Words: Chas Smith / Lodge Grit
Travis Rice saunters toward the Continuum hotel breathing heavily, fully geared, snow dappled. Exhausted. A random European stops his progress, begs for a picture, compliments him for what he had witnessed.
The “great days of snowboard ever.”
Travis, ever gracious, talks story from the hill, leans in and throws his patented devil horns.
He has just come down from that Natural Selection course, working shoulder to shoulder all day with the crew, tearing platforms off the features, breaking down what can be broken down.
Nature hath selected and to nature it shall return, mostly so some random European inspired by the broadcast doesn’t come and try to Austin Sweetin.
There were many inspired random Europeans. Chileans, Australians, Canadians, etc., Americans too. An absolutely shocking amount who tuned into both the first day and the final day, witnessing snowboarding’s re-birth.
That’s what it felt like, what it became, over the week and was spoken about over, over and over again.
Snowboarding’s re-imagining.
Foremothers and fathers lauded, a style of riding they pioneered taken to a next level, love of powder, progression, punk, not caring about anything but going as big as one could, impressing gathered sisters and brothers, impressing the ghosts of snowboarding past.
The week was about snowboarding.
“Thank you, snowboarding” was what Mark McMorris uttered from the balcony at the Natural Selection afterparty award’s show and he meant it. He was happy to be part of a crew of derelicts, of ne’redowells, of stone cold bastards and bastard-ettes.
Mark McMorris is a multi-gelded Olympian yet this was his moment. He had gone to the last iteration of Natural Selection in Bald Face, four-odd years ago, and tomahawked down that bald face like an embarrassment but, there, he realized what and who he wanted to be and became in extraordinary fashion.
Shaun White was here early, also a multi-gelded Olympian though not a part of the crew. Crew-adjacent maybe. A bastard but not stone cold. Shaun rode the Olympic hype, that Flying Tomato, Target, Us Weekly-thing to great success but snowboarding died under his watch. Not the kid dreaming, kid skinning into backcountry, kid jibbing in his derelict town imagination but some greater unifying vision.
He left before Mark McMorris hoisted his moose antler, proclaimed this was the most important thing he’s ever been part of, thanked snowboarding, shined a spotlight on some new greater unifying vision.
This matters.
It matters because it is absurdly fun, because it is destructively fun.
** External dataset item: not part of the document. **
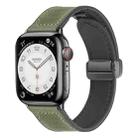 Magnetic Folding Silicone Leather Watch Band For Apple Watch Series 8&7 41mm / SE 2&6&SE&5&4 40mm / 3&2&1 38mm (Army Green) - 1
Because it has a history, because it resonates, because it is rotten, because it is… stupidly real.
In this broken era, snowboarding feels like salvation. Pointing down a hill, doing powder turns, doing icy wind-buffed side-slips, poking into trees, remembering what it feels like to sail airborne, remembering what it feels like to fall and fall hard, laughing or crying about it with friends at the 4 pm end to a day is salvation.
An obscenely rose-lensed summation from a damned surf journalist?
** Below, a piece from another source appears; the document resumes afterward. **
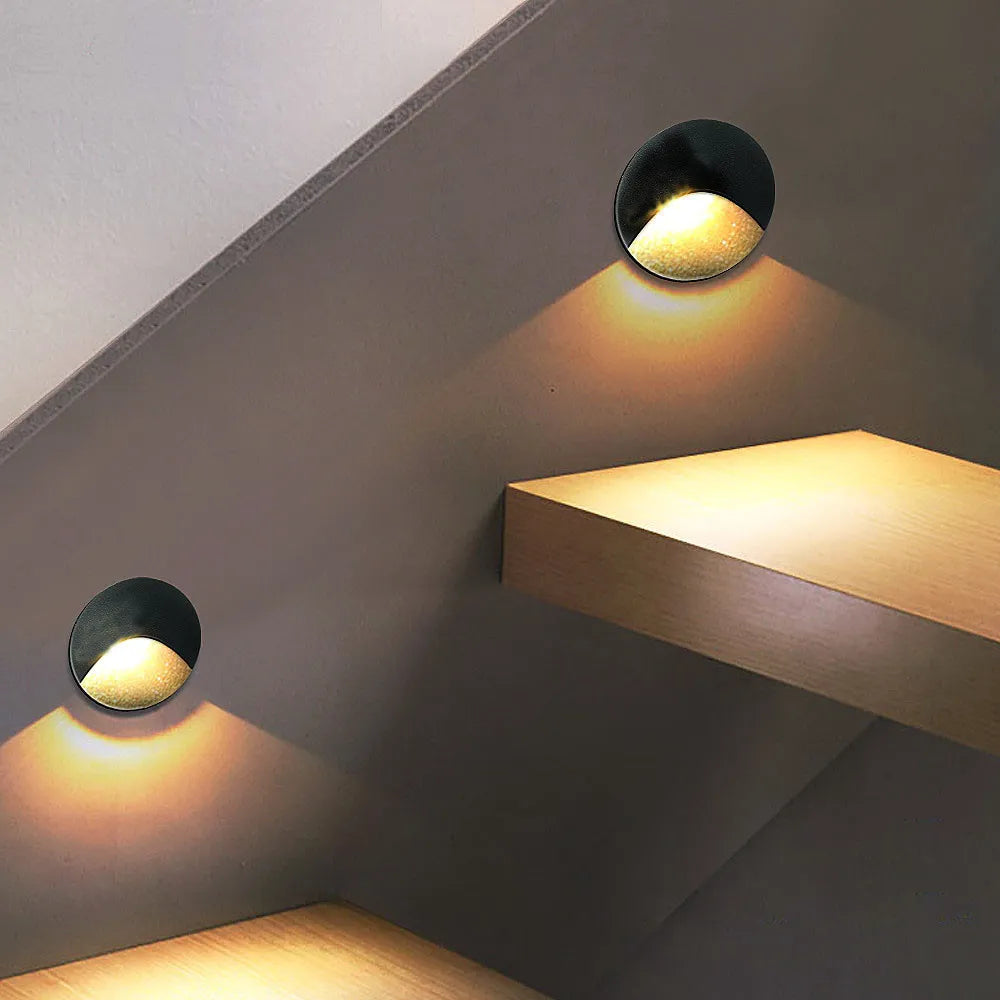 Lisslune | Modern waterproof IP65 LED recessed wall lamp for outdoor lighting - 3W embedded step & staircase balcony portal light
Certainly and this surf journalist asked the very same question while backcountry-ing fresh powder at the beginning of the week with the world’s finest snowboard journalists.
“In surfing, new participation is the end, the curse,” I said. “Why do you even put up with my presence?”
“All snowboarding requires is for someone willing to hike to the next peak,” one responded, while beckoning to the surrounding mountain ranges bathed in cold light. “Someone willing to push slightly further.”
All of this feels like the next peak.
Something glorious.
A naively positive conclusion from a cursed surf journalist?
Obviously.
Travis Rice pushes into the Continuum hotel and is immediately accosted by media, professional, personal requests.
He smiles and throws his patented devil horns.